Je sais un paysan qu’on appelait Gros-Pierre,
Qui, n’ayant pour tout bien qu’un seul quartier de terre,
Y fit tout à l’entour faire un fossé bourbeux
Et de Monsieur de l’Isle en prit le nom pompeux.”
IV
While Molière shows us the peasant growing fat on the fruits of his master’s recklessness and absence, La Bruyère, with his profound and moral vision of things, reveals the other face of absenteeism: the diminished standard of virtue, decency, comfort, in the deserted villages; the peasants sinking almost to the condition of savages, spending nothing on themselves, and living only in one thought—how to save enough to buy another rood of land. Meanwhile the soil itself, ill cultivated, and prized by its absent owners merely as a game-preserve or an investment, was soon overgrown with rush and bramble, and returned to marsh or bog or forest, as of old. Few spectacles can have been more harrowing to the social or moral eye than the French villages of the seventeenth and eighteenth centuries.

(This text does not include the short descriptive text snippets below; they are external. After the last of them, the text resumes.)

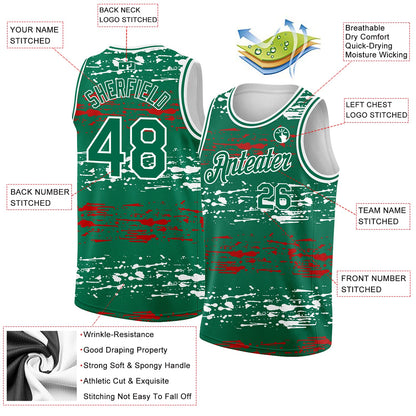 Custom Kelly Green-Red-White 3D Mexico Authentic Basketball Jersey - Sky-Custom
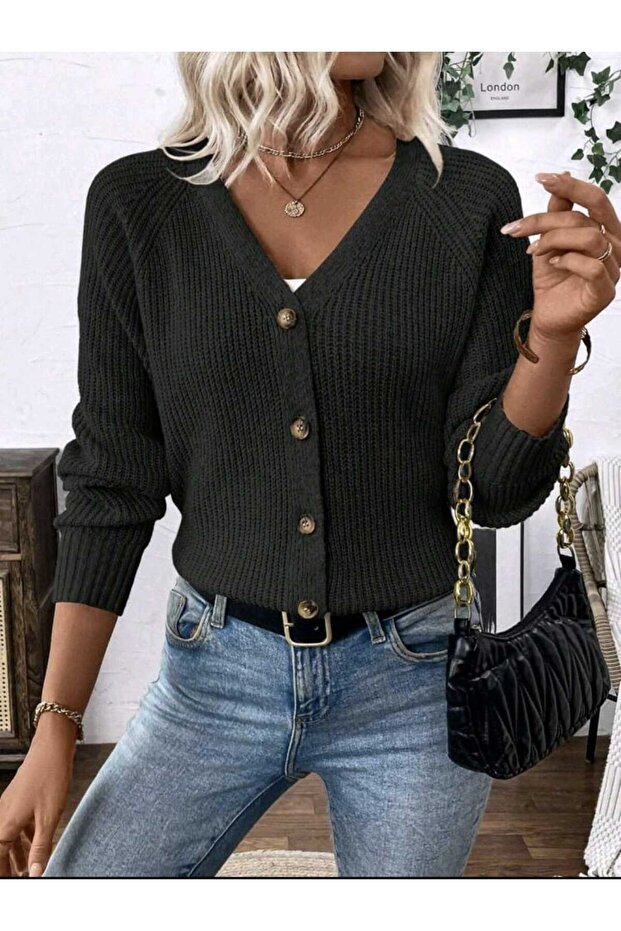 Long Sleeve Woven Detailed V-Neck Buttoned Model Knitwear Cardigan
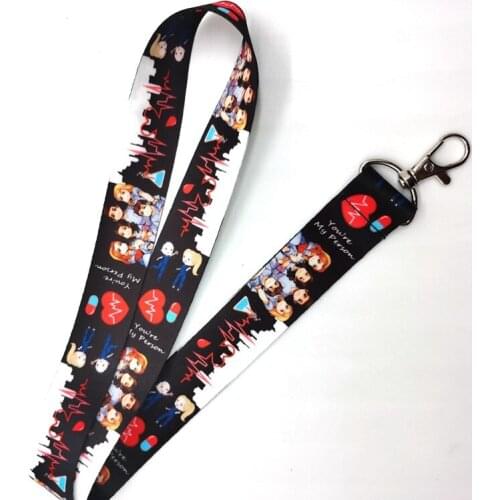 Hot 10 pcs Greys Anatomy Doctors nurse Neck Strap Lanyards Key Chain Accessories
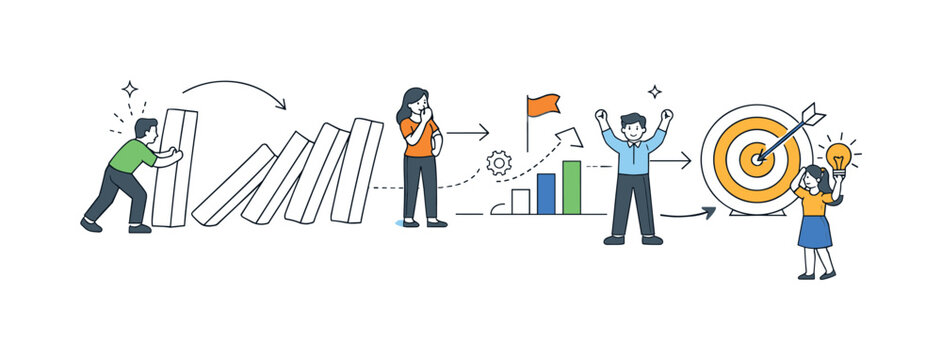 Cause and effect and chain reactions in a business or life context where one action leads to a sequence of outcomes, represented by a clear visual metaphor of domino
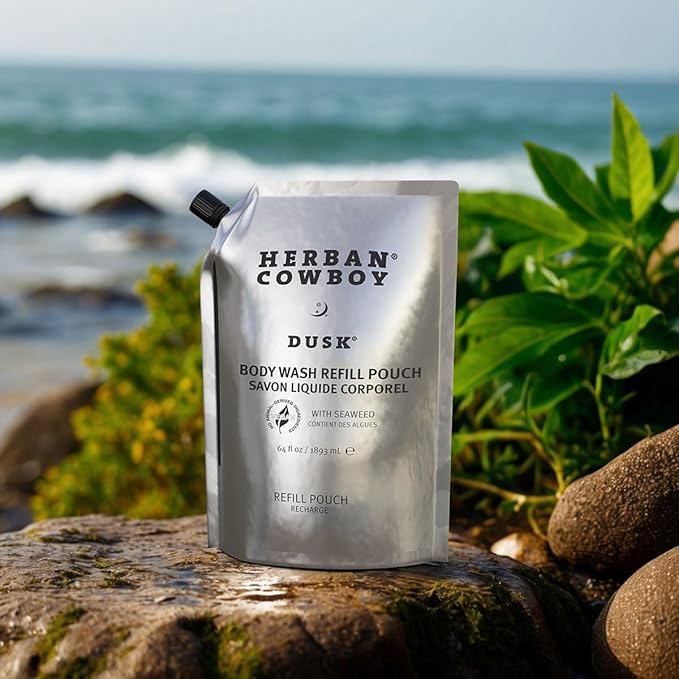Herban Cowboy Dusk Body Wash 30 oz Aluminum Bottle and 64 oz Refillable Pounch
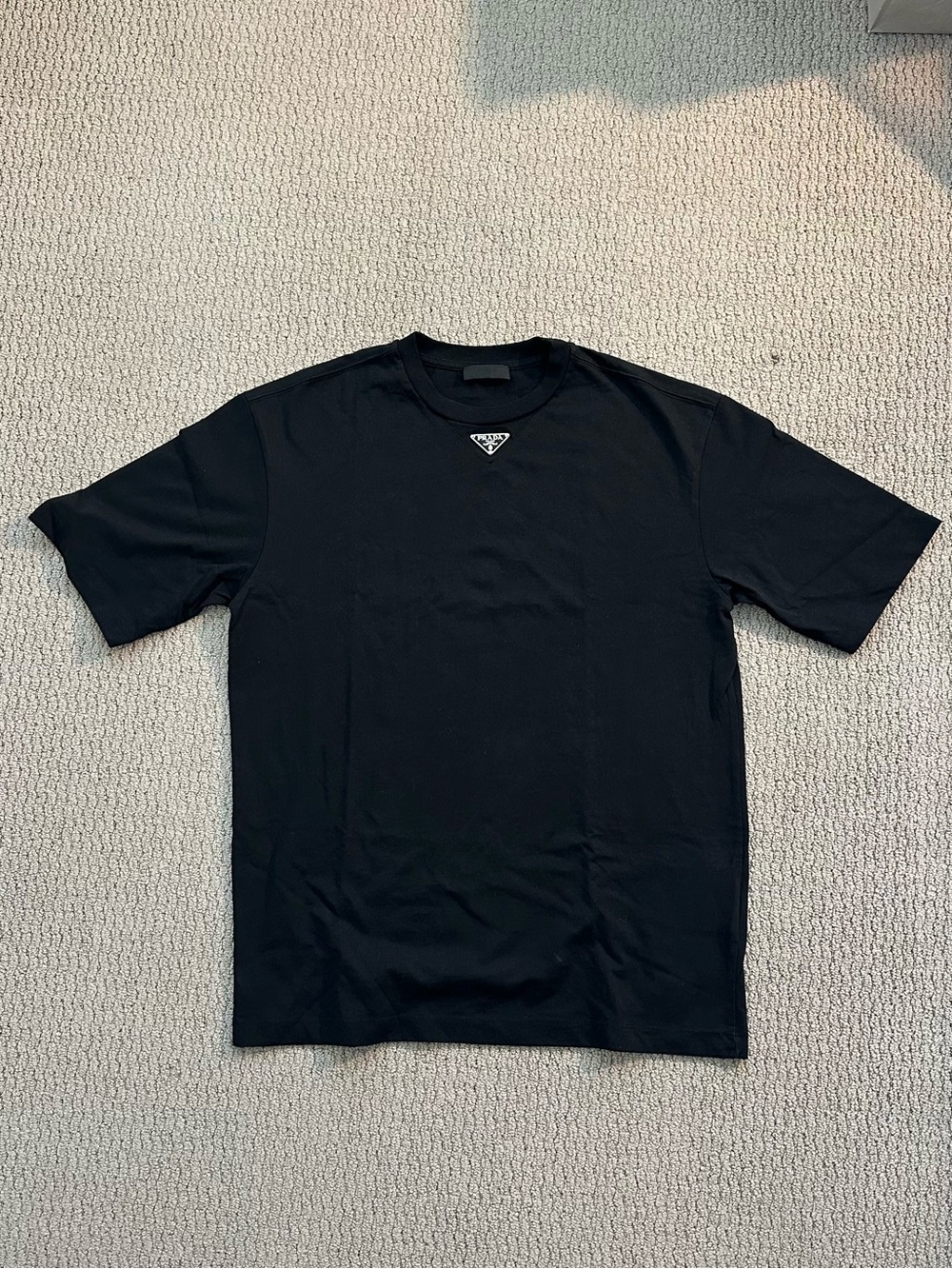 Prada Black Short Sleeve Crewneck with Triangle Logo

“There be certain fierce and shy wild animals, male and female, which are scattered up and down our country-side. They are sunburned to a sort of dull black, and walk bent towards the earth they delve; on straightening themselves, they show, it is true, a human face, and, in fact, they are men and women; they withdraw from the fields at nightfall to their dens, where they sup on black bread, roots, and water. They spare their fellow-men the labours of seed-time and harvest, and do not deserve to lack the bread they sow.”